Beijing plans to invest 120 million yuan (16 million U.S. dollars) in restoration of cultural sites this year, in order to present an original look of the sites to visitors during the Olympic Games.
The renovation projects include the Confucius Temple, the Imperial College, the Imperial Ancestral Temple and 28 other historical or cultural sites this year, vice director of Beijing Cultural Relics Bureau Yu Ping said.
Tourist explanation boards written both in English and Chinese languages would be placed in more than 300 major historical and cultural sites under municipality protection before the Olympics, Yu said.
The bureau also printed six million copies of Chinese-English tourist maps of Beijing's cultural sites. During the Olympic Games, the maps would be handed out at the Beijing International Airport, in international airlines, Olympic Village, hotels and restaurants.
Renovation projects also include the Siheyuan, a compound with houses around a courtyard, and Hutong, alleys formed by lines of Siheyuan, which were the main living quarters for old Beijingers.
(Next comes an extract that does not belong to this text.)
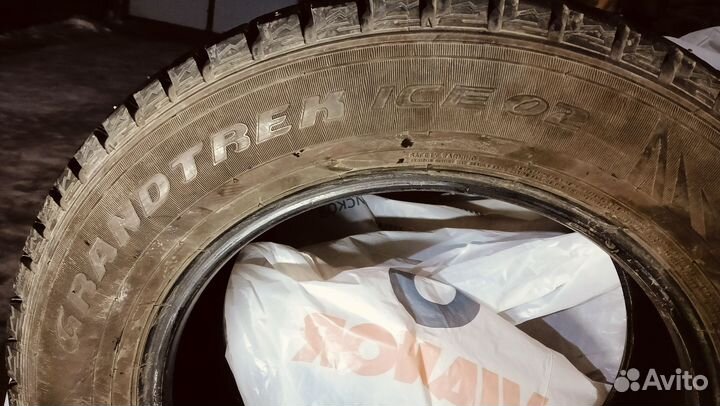 Dunlop Grandtrek Ice 02 225/65 R17 106T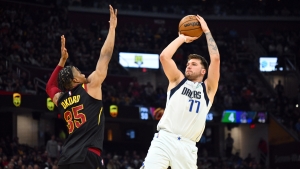 Doncic wanted &#039;to put on a show&#039; as Mavericks secure playoff spot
As unique constructions, Hutong and Siheyuan have attracted an increasing number of foreign tourists in recent years.
The projects, involving 44 Hutongs, 1,474 courtyards and about 10,000 residents, are expected to be completed at the end of June in the hope of protecting the old buildings as well as improving people's living conditions.
According to the plan of restoring cultural sites, Beijing would spend 1.2 billion yuan to have all the sites renovated in eight years.